Geprüft wird auch, ob die Landesanstalt für Umwelt und Geologie, die Landesanstalt für Landwirtschaft sowie die Landesanstalt für Wald, Jagd und Fischerei fusioniert und gegebenenfalls Aufgaben privatisiert werden können. Bis zum Sommer 2005 wird diese Prüfung abgeschlossen sein.
Die Bürgerinnen und Bürger erwarten eine leistungsfähige Polizeiorganisation und deshalb werden wir auch dort die Strukturen straffen. Der Bericht zur Umsetzung wird dem Kabinett bis zum Herbst 2005 vorgelegt sein.

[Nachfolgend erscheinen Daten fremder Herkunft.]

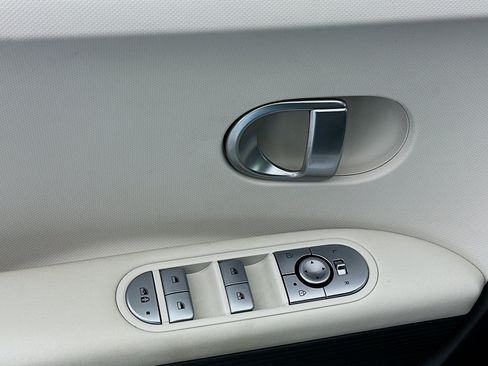 Used 2024 Hyundai Ioniq 5 SEL RWD image 15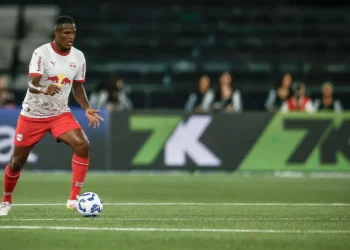 Jogador do Bragantino pede desculpas após fala machista contra árbitra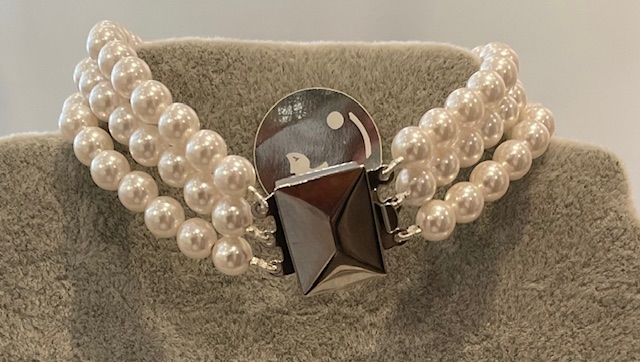 BRACELET 19cm 3 RANGS  PERLES de BOHEME STH 06mm. Fermoir cliquet Argent rhodié 925°%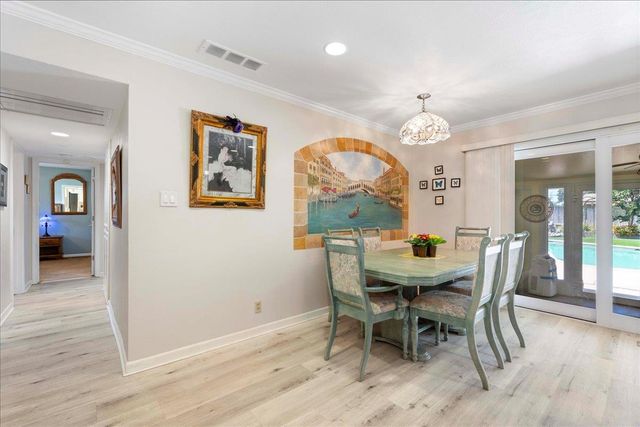 2001 Woodstock Way, Sacramento, CA 95825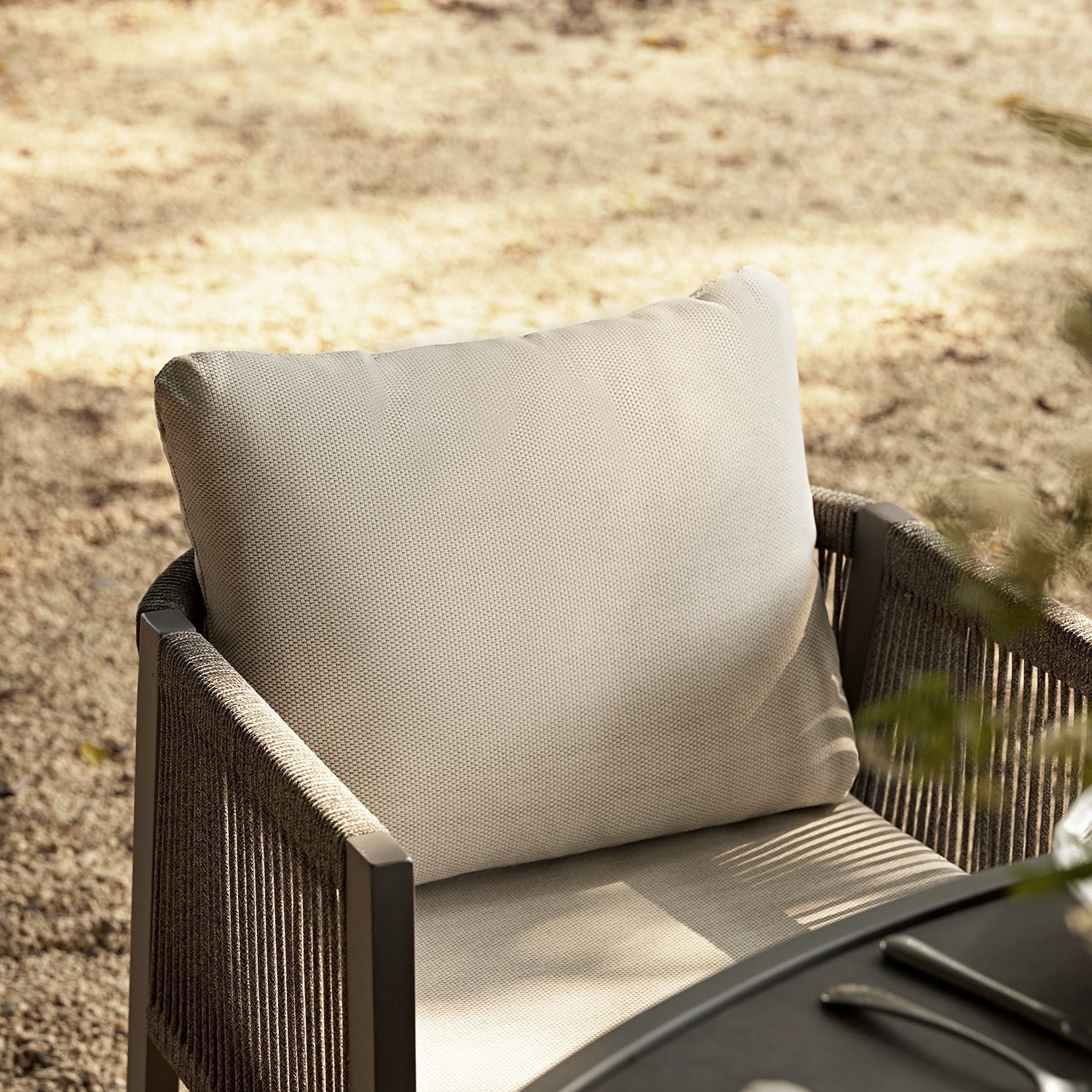 Pedra Rope and Aluminium Outdoor 6-Seater Round Dining Set, Grey
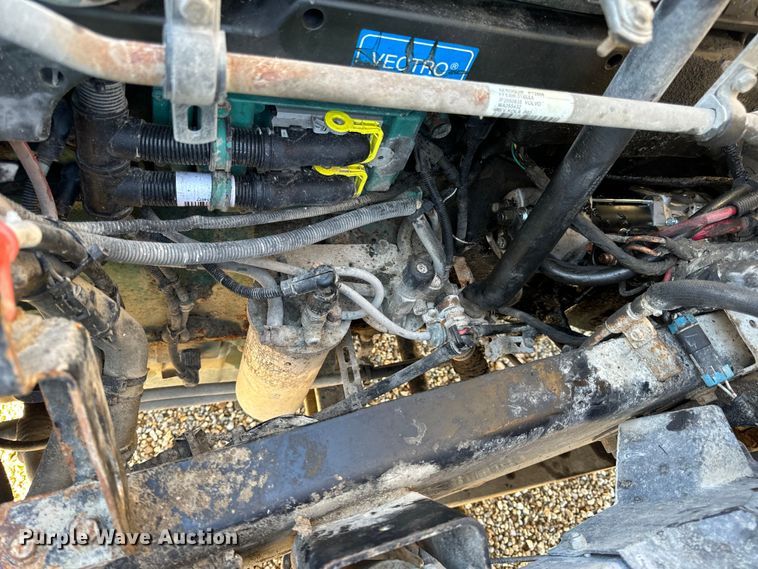 image for item OF9709 2007 Volvo VN semi truck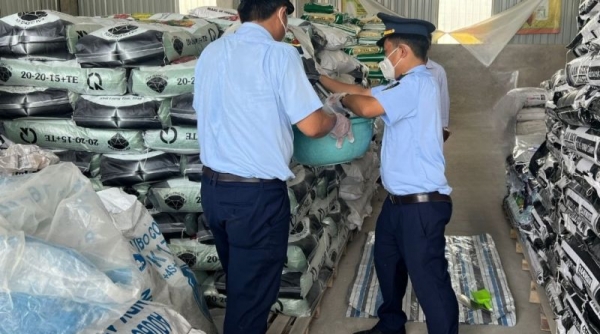 Thu giữ 5 tấn phân bón không đảm bảo chất lượng được bán tại Cái Bè, Tiền Giang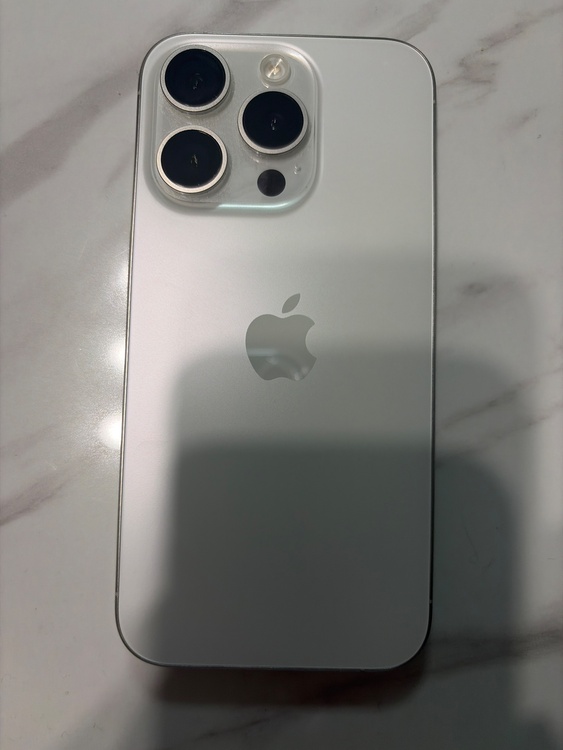 iPhone iPhone 15 Pro 256GB Softbank（スマホ）の商品画像 - 査定依頼日：2026年6月22日 - 最高査定価格：81,000円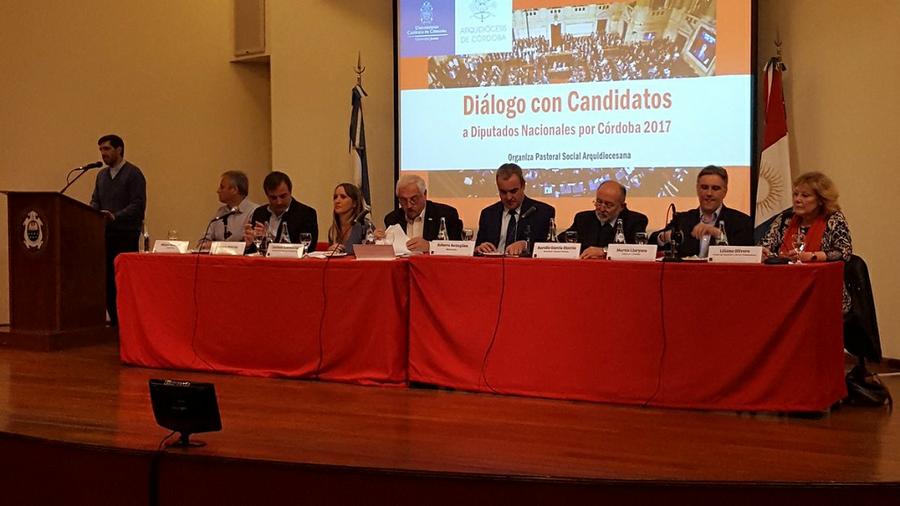 Diálogo con Diputados UCC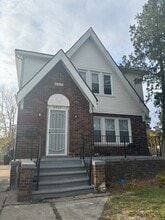 Building Photo - 8833 Pinehurst St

In meiner Regierungserklärung vom 6. Mai der letzten Legislaturperiode habe ich angekündigt, ein modernes und bürgerfreundliches Abgabenrecht für den Wasser- und Abwasserbereich zu schaffen. Meine sehr verehrten Damen und Herren, die Beiträge und Gebühren, die die Bürgerinnen und Bürger zu entrichten haben, müssen nachvollziehbar, verträglich und auch transparent sein. Dafür werden wir den Rahmen, das heißt das Kommunalabgabengesetz, ändern. Bereits am 25. Mai hat das Kabinett einen ersten Gesetzentwurf vorgelegt und auch zur öffentlichen Diskussion gestellt. Wir haben - wie angekündigt - eine umfassende Anhörung durchgeführt. Gegenwärtig werden die Stellungnahmen ausgewertet. Wir werden dem Landtag einen Gesetzentwurf vorlegen, der rechtlich und verfassungsrechtlich seriös ist
und das Problem der Wasser- und Abwassergebühren bzw. der Beiträge in ausgewogener Weise löst, sowohl für die Abgabenpflichtigen als auch für die Aufgabenträger. Selbstverständlich gilt meine Zusage: Wir werden das neue Kommunalabgabengesetz bis Anfang Oktober in den Landtag einbringen.